▶ **Work to complete**: Nothing outside the range below should be printed. Output exactly the lines from the line with "sisters by soul quotes" to the line with "Beer Lovers mugs", both included.

▶ **Records shown**:
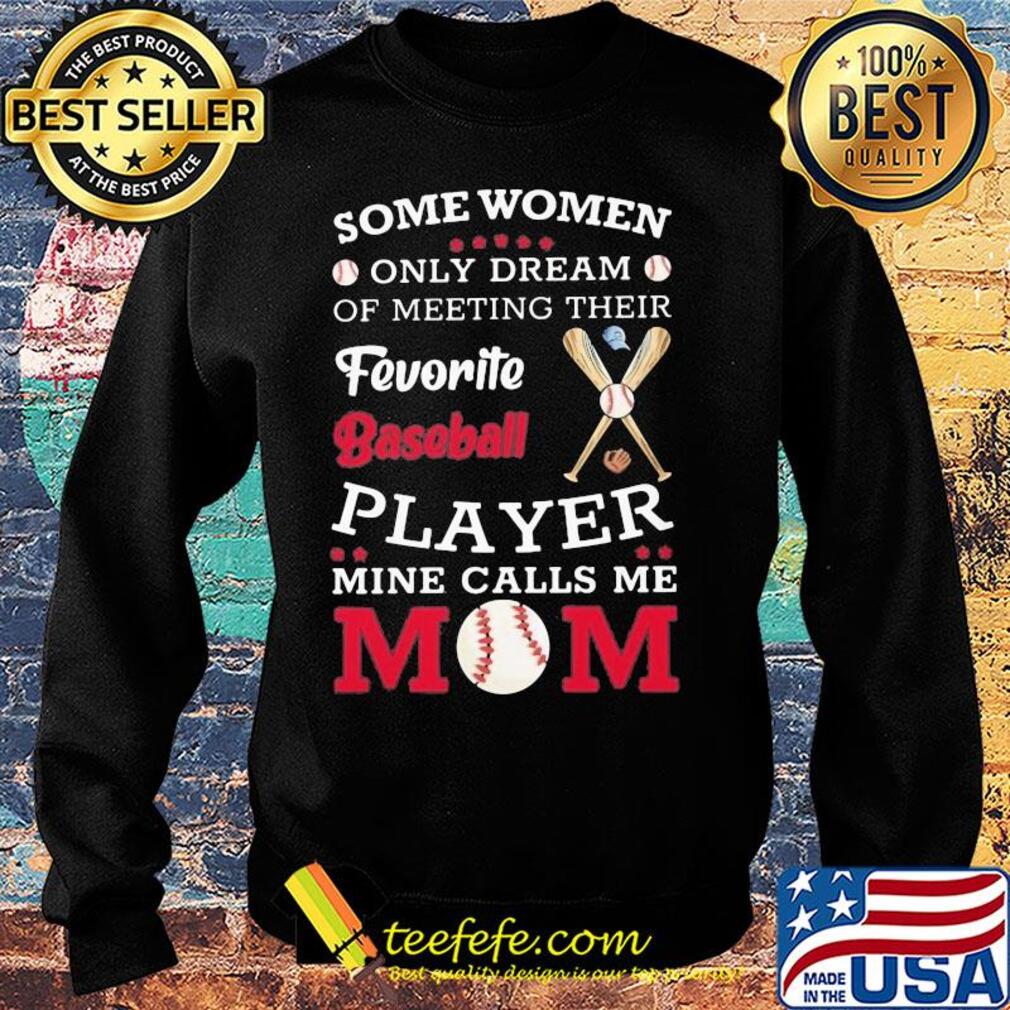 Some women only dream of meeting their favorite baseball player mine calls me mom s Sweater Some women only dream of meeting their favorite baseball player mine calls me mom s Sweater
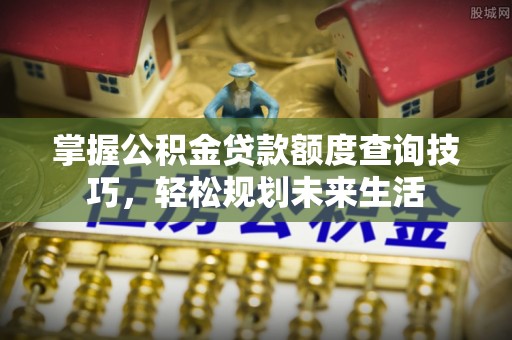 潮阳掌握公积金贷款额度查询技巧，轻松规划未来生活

--

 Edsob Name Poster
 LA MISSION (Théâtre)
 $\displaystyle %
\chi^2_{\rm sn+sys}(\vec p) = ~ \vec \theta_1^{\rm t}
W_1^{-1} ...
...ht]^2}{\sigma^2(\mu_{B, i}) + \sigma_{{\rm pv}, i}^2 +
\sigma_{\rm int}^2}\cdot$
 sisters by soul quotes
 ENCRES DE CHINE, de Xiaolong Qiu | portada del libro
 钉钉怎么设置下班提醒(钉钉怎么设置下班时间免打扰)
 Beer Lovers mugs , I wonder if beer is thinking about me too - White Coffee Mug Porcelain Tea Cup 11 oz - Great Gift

* * *

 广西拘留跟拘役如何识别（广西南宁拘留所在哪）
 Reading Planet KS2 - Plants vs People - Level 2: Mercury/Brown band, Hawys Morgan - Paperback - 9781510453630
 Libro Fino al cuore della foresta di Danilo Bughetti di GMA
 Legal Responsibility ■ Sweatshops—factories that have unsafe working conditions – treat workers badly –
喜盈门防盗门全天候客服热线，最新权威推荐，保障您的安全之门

▶ **Response to this task**:
 sisters by soul quotes
 ENCRES DE CHINE, de Xiaolong Qiu | portada del libro
 钉钉怎么设置下班提醒(钉钉怎么设置下班时间免打扰)
 Beer Lovers mugs , I wonder if beer is thinking about me too - White Coffee Mug Porcelain Tea Cup 11 oz - Great Gift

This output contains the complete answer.